# EXERCISE
Restate the listing below word for word, and leave its pictures behind.

# DATA SHOWN
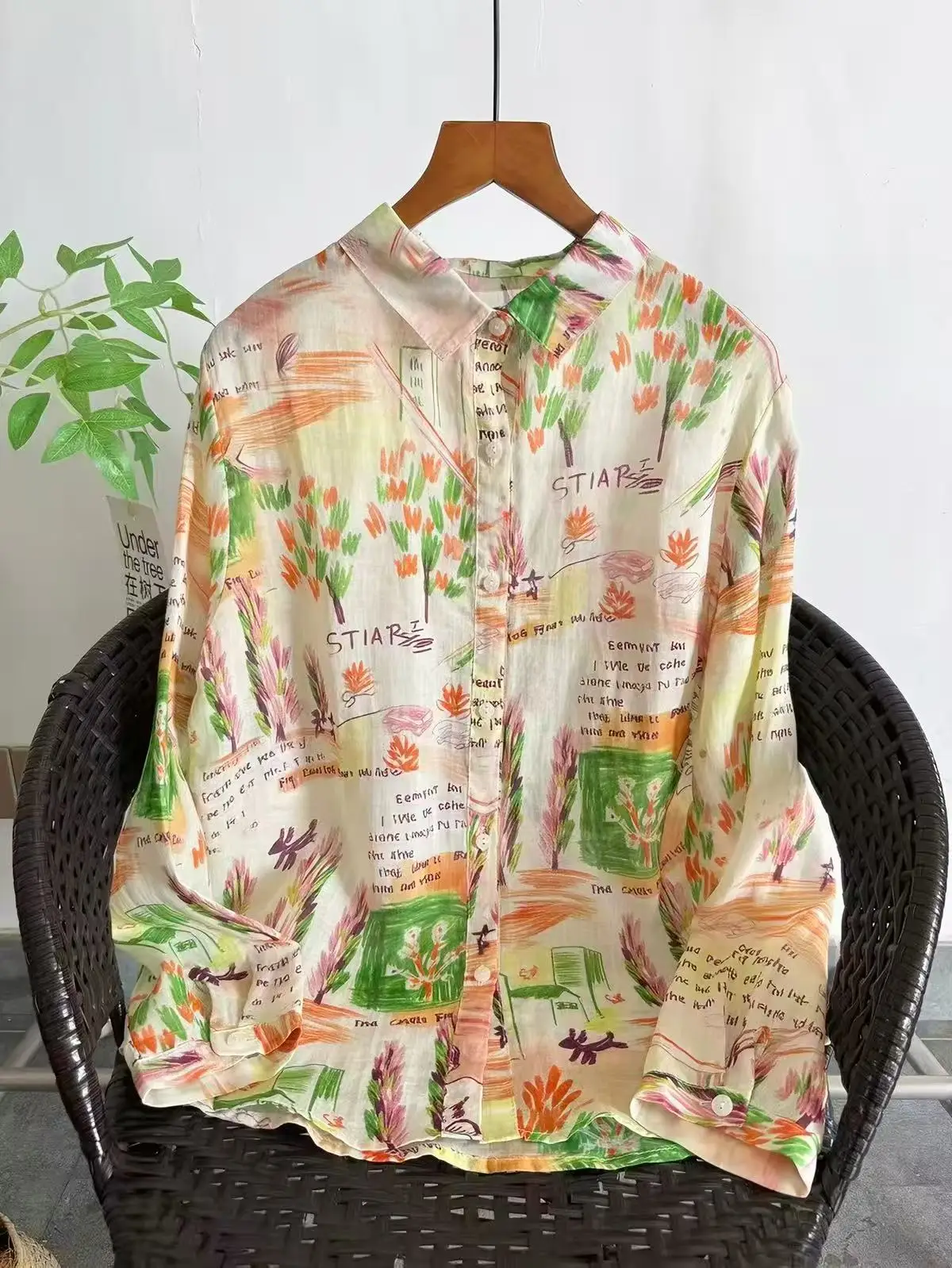 Women 100% Ramie Botanical Flower Shirt White Base Multicolor Small Floral Pattern Long Sleeve Tops Breathable Button Up Blouse
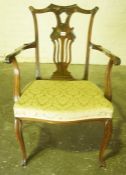 Rosewood Open Parlour Armchair, circa early 20th century, 92cm high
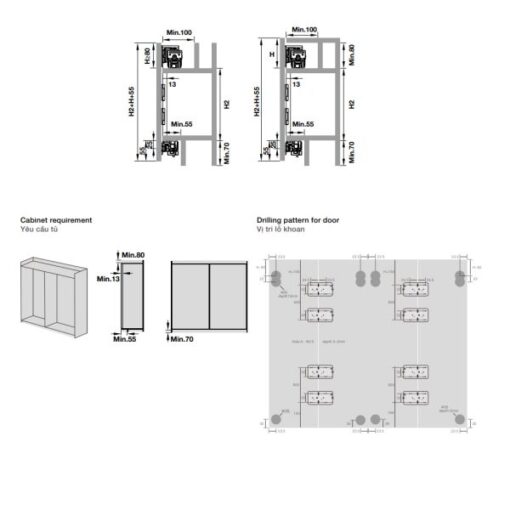 Bộ phụ kiện cho 1 cặp cửa trượt xếp Hafele 401.30.009 4 Bộ phụ kiện cho 1 cặp cửa trượt xếp Hafele 401.30.009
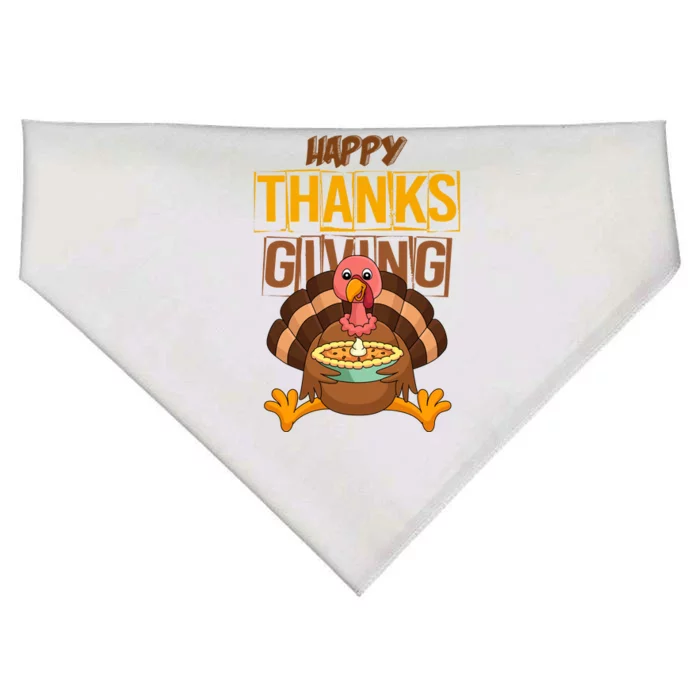 Happy Thanksgiving Turkey Pie Holiday USA-Made Doggie Bandana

# EXERCISE SOLUTION
 Women 100% Ramie Botanical Flower Shirt White Base Multicolor Small Floral Pattern Long Sleeve Tops Breathable Button Up Blouse
 Rosewood Open Parlour Armchair, circa early 20th century, 92cm high
 Bộ phụ kiện cho 1 cặp cửa trượt xếp Hafele 401.30.009 4 Bộ phụ kiện cho 1 cặp cửa trượt xếp Hafele 401.30.009
 Happy Thanksgiving Turkey Pie Holiday USA-Made Doggie Bandana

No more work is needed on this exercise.